The curse of high dimensionality

Working with high-dimensional data comes with several challenges:

Computational Complexity: As the number of dimensions (features) grows, many operations become computationally expensive.
Sparse Data: Data points spread out in high-dimensional space become very distant from each other.
Loss of Intuitiveness: Geometric concepts like distances and clusters become less intuitive and can be misleading.

Benefits

Embedding techniques project high-dimensional data onto a lower-dimensional space without loosing as much information as the techniques discussed previously in this article.

Similarity Measures: Calculating similarity measures (e.g., cosine similarity, Euclidean distance) becomes more meaningful. This improves accuracy in clustering and anomaly detection.
Visualization: Projecting data into 2D or 3D with embedding techniques like t-SNE or UMAP allows us to gain visual insights into possible patterns or trends within our complex tabular data.

Beyond central tendencies

While the means in Euclidean space summarize a group of points with a single point, embedding methods are far more flexible:

Non-Linear Relationships: Embeddings can project data onto manifolds, capturing complex, non-linear patterns.
Preserving Information: Good embedding techniques strive to retain information about the original data relationships, even in a lower dimension.
Data-Driven Projections: The embedding process often "learns" the ideal low-dimensional representation from the data itself, making it adaptive and versatile.

Examples of embedding techniques

Principal Component Analysis (PCA): One of the classic dimensionality reduction techniques, PCA finds linear combinations of features that capture the most variance in the data.
t-SNE (t-distributed Stochastic Neighbor Embedding): Popular for visualization, t-SNE preserves the local structure of the high-dimensional data.
Autoencoders: Neural network-based techniques that learn an encoder to compress the data and a decoder to reconstruct it from its lower-dimensional representation.
Word Embeddings (Word2Vec, GloVe): Though originating in natural language processing, these techniques can be adapted for tabular data as well, projecting categorical variables into meaningful vectors.

Important considerations

Choosing the Right Technique: Different embedding methods have different strengths (e.g., linear vs. non-linear, preserving global vs. local structure).
Evaluation: Embedding quality is often assessed using downstream tasks (e.g., performance of clustering algorithms on embedded data). It's important to benchmark against your desired use case.

Conclusion

Choosing the appropriate methods for summarizing data depends heavily on the nature of your data and the questions you're trying to answer.

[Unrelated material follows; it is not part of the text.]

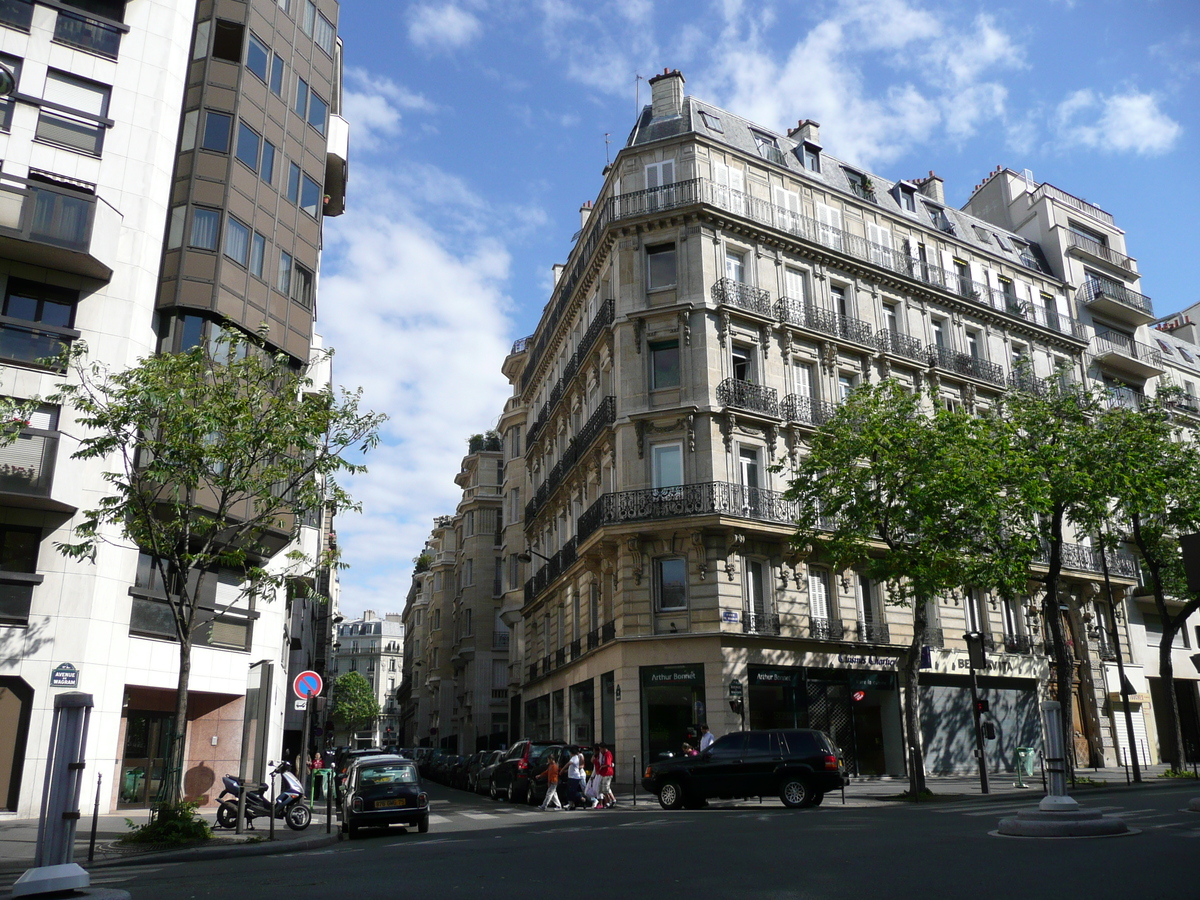 รูปถ่าย ฝรั่งเศส(France) ปารีส(Paris) คุ้มที่ 17 (17th Arrondissement) ถนนวากราม(Avenue de Wagram) 2007-05 23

These factors include the data types in the raw or featurized data, the distribution shapes, and presence or absence of outliers. We often see Notebooks were data exploration is done for the sake of it without later using that information for feature construction.

Careful feature construction can help even for problems being solved by deep learning. The same has been discussed in seminal papers by big-tech companies. I will discuss more about these real-world examples in future posts.